EXCERPTED DATA
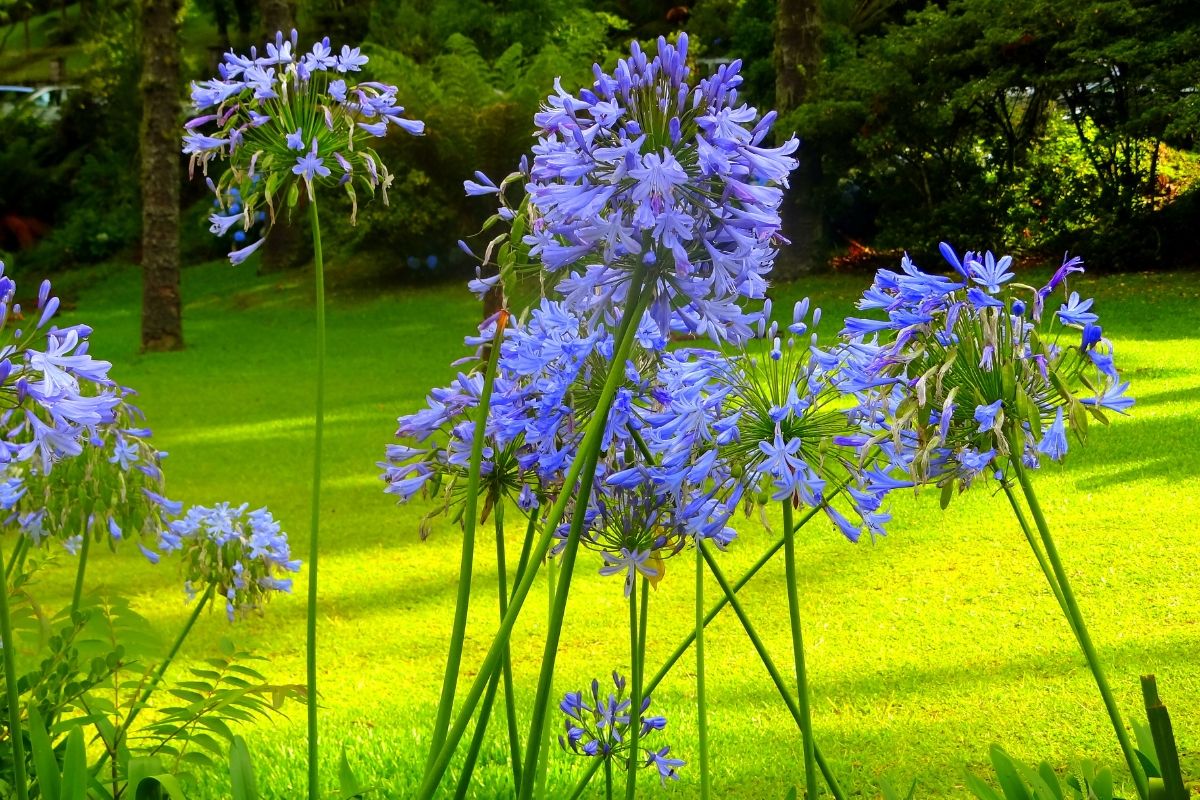 agapanthus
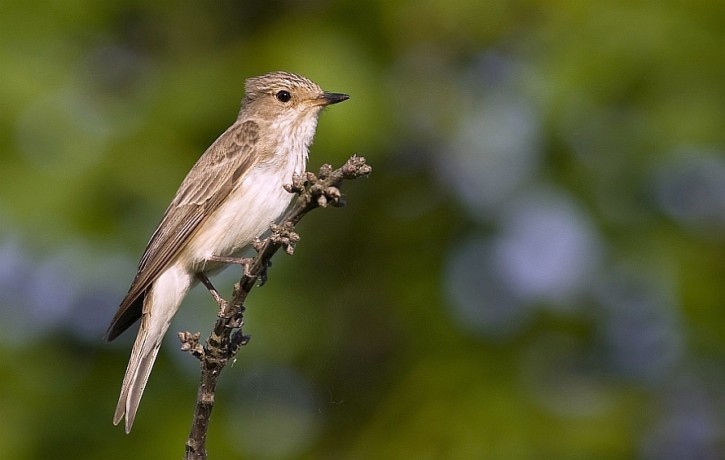 puchołapka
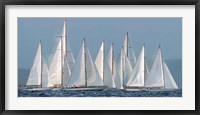 Sailing Team Fine Art Print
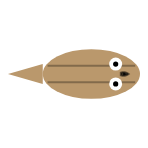 Eyes: Large
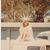 Penny Grubbs Stone's profile image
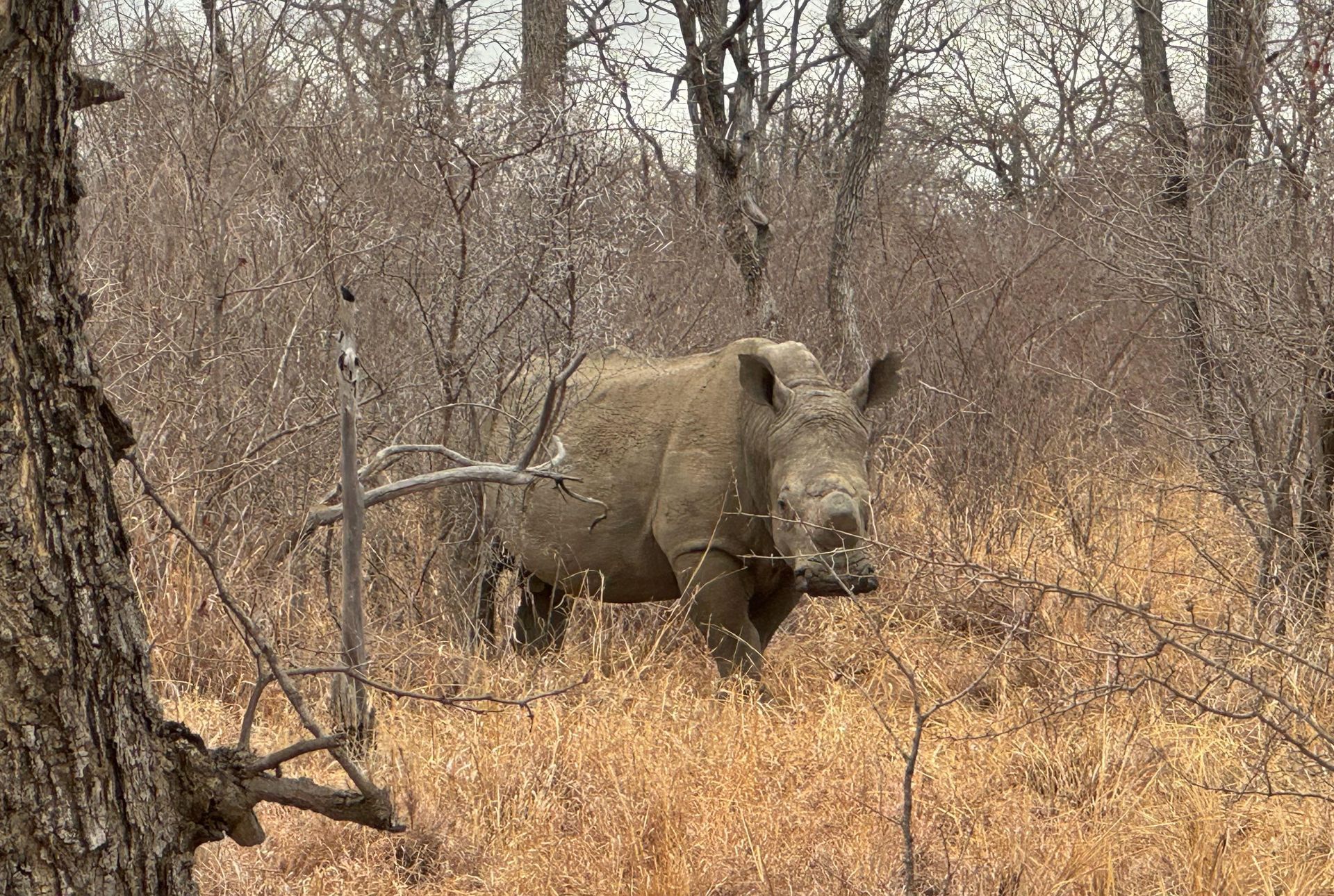 DIARY SOUTH AFRICA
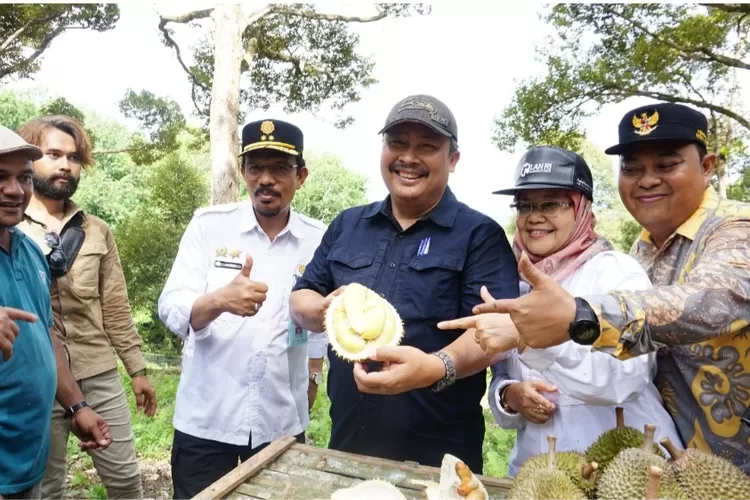 Mengenal Varietas Durian Aceh, Khususnya di Aceh Besar dan Aceh Jaya. Prihasto: Bisa Saingi Durian Luar Negeri/Web Resmi Direktoral Jenderal Hortikultura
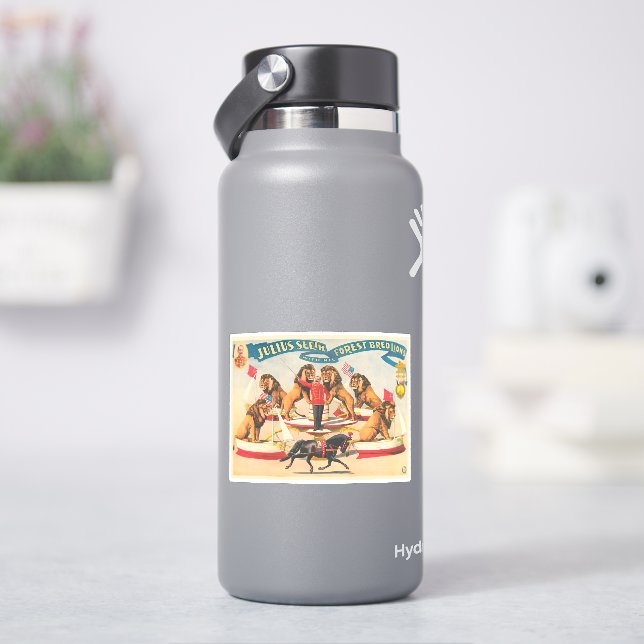 Circus Poster Of Julius Seeth With His Lions (HydroFlask)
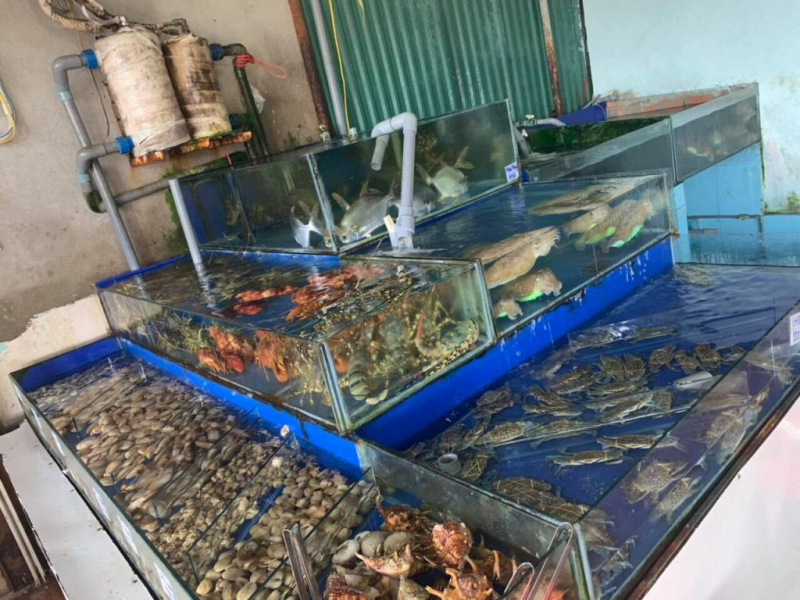 Làng Chài Tháp Bà - Hải Sản Tươi Sống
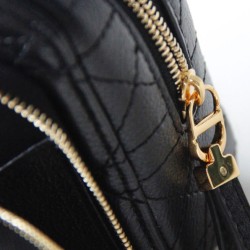 Christian Dior Caro Double Pouch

WORK TO BE COMPLETED
From the first record above to the last, output each one exactly and omit the pictures.

SOLVED EXERCISE
 agapanthus
 puchołapka
 Sailing Team Fine Art Print
 Eyes: Large
 Penny Grubbs Stone's profile image
 DIARY SOUTH AFRICA
 Mengenal Varietas Durian Aceh, Khususnya di Aceh Besar dan Aceh Jaya. Prihasto: Bisa Saingi Durian Luar Negeri/Web Resmi Direktoral Jenderal Hortikultura
 Circus Poster Of Julius Seeth With His Lions (HydroFlask)
 Làng Chài Tháp Bà - Hải Sản Tươi Sống
 Christian Dior Caro Double Pouch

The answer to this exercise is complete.